As sociedades modernas foram fundadas sobre a excomunhão política de qualquer referência religiosa. Embora com vários desenhos, o cenário está identificado.

A institucionalização da autonomia da esfera secular fez-se para suspender a intolerância e a violência associadas às guerras de religião e ao poder absoluto em nome de Deus. A intervenção política ficaria, em princípio, entregue à responsabilidade de todos os cidadãos. Pertencia-lhes escolher as instituições em que desejavam viver. 

Os indivíduos poderiam ter convicções religiosas, mas estas deveriam cingir-se ao domínio privado e não poderiam ser invocadas na configuração das instituições próprias do agir político ou militar. Era urgente mandar para a reforma o “Deus dos Exércitos” do Antigo Testamento, do regime de Cristandade e do Islão.

Nesse terreno brotaram várias expressões de crenças ateístas, invocando a desalienação religiosa. Diz-se que o patrocínio de alguns conhecidos “mestres da suspeita” lhes emprestou credibilidade. Deus morria para se poder assistir ao nascimento de uma humanidade confiante nas suas próprias capacidades, sem muletas. A investigação da natureza e das suas leis não precisava da hipótese Deus.

O resultado não foi, em tudo, glorioso. Em nome de um futuro sem heranças obscurantistas, desatenderam-se dimensões essenciais da vida humana.

As consequências dessa miopia foi a perda de muita memória cultural criadora e o esquecimento da origem cristã de muitos conceitos e valores fulcrais da modernidade. Precisavam, certamente, de ser libertados da dominação das Igrejas e de se tornarem parte de uma saudável laicidade do espaço público livre. Mas um espaço público que recusa a participação no debate democrático, das diferentes correntes culturais, filosóficas, éticas e religiosas, esquece a complexidade da condição humana e arrisca-se a cair nas piores armadilhas fundamentalistas político-religiosas, como está à vista.

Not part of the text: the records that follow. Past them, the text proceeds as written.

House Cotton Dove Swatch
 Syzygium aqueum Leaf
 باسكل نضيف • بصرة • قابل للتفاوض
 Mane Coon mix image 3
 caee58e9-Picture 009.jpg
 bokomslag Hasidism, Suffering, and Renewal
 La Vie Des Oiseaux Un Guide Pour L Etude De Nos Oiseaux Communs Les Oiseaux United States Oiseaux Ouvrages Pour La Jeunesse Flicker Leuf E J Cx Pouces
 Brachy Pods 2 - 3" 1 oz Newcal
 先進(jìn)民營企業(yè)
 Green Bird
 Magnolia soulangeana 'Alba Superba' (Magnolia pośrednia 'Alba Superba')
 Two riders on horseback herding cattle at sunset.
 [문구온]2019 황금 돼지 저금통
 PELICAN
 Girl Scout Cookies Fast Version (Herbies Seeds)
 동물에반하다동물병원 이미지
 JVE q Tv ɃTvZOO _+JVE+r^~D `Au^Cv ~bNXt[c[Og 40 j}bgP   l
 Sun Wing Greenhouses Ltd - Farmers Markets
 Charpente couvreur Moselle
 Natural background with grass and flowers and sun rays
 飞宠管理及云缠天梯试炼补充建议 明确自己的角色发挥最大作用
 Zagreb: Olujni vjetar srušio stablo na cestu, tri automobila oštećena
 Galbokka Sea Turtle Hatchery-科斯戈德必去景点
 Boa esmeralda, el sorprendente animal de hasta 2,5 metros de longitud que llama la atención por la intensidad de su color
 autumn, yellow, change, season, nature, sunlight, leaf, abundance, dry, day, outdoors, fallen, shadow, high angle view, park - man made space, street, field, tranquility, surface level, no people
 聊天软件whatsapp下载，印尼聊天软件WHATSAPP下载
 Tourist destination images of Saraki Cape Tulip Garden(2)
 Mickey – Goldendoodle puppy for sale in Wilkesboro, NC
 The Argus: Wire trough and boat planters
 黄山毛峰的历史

A recente e presente debilidade cultural de muitos dirigentes e decisores europeus favorece o que deveria evitar e não fez nem faz o que é da sua responsabilidade. A falta de sabedoria e de ética política e social mata a vocação europeia.         

J.-M. Ferry, depois de um longo percurso filosófico, marcado pela tradução para francês da obra do filósofo alemão, Jürgen Habermas e de contributos essenciais para configurar e repensar o projecto europeu, desenhou o tripé ético e espiritual para a respiração cultural da política numa sociedade contemporânea: recuperou a noção decivilidade, como princípio de socialização mediatizado pelo reconhecimento das diferentes sensibilidades; conjugou-a com a delegalidade, isto é, com a limitação da violência social ou política pela mediação do direito e pela publicidade, concebida como comunicação de experiências sociais e das decisões na discussão argumentada.

As noções deste tripé precisavam de ser esmiuçadas para testar o seu alcance prático. Neste momento, interessa-me sobretudo a sua última proposta, a religião reflexiva [1].

A preocupação de J.-M-Ferry é uma ética para as relações internacionais. É alarmante a situação política do mundo actual e do estado primitivo das relações diplomáticas. Trabalha na construção de uma ética reconstrutiva da reconciliação que complete a ética argumentativa do entendimento mútuo que tem desenvolvido, pois é urgente abrir uma nova época na história dos povos e das suas recíprocas relações.

A religião reflexiva procura reformular os imperativos mais universais da moral kantiana, à luz do que lhe é mais íntimo, mas ainda pouco explicitado: a proposta de uma filosofia da actualidade histórica. 

Para o conseguir desenvolve uma questão decisiva para o judeo-cristianismo e para a modernidade europeia: o laço da filosofia, da teologia e da história. Filosofia e teologia não são objectos de conhecimento só para eruditos. São instrumentos de conhecimento para todos. A ética reconstrutiva é uma ética da responsabilidade que lança os fundamentos de uma filosofia da história.

Temos de procurar apreender e reconstruir o sentido na história universal, sem procurar nem postular um sentido da história universal.
Se, neste momento, a voz de um papa se libertou, de forma clara e explícita, do espírito de dominação eclesiástica e assume a causa dos oprimidos, deve haver liberdade para, no espaço público, escutar e debater esta voz, para que ninguém a tente anexar ou manipular. Os temas não são apenas de interesse mundial e local. O que Bergoglio anda a fazer é uma convocatória de todos os seres humanos de boa vontade, sejam ateus, laicos ou religiosos, para o que a todos diz respeito: um futuro de paz e cooperação de onde ninguém seja excluído. Não havendo, nesta convocatória, nada que seja para proveito próprio ou de grupo, talvez mereça mais atenção do que uma assembleia de negócios.

O prémio Nobel da Paz perdeu-se na guerra. Se quiser reencontrar a sua missão, talvez tenha, com o Papa Francisco, uma bela oportunidade de se reabilitar.


[1] J. – M. Ferry, La religion réflexive, Paris, Cerf, 2010.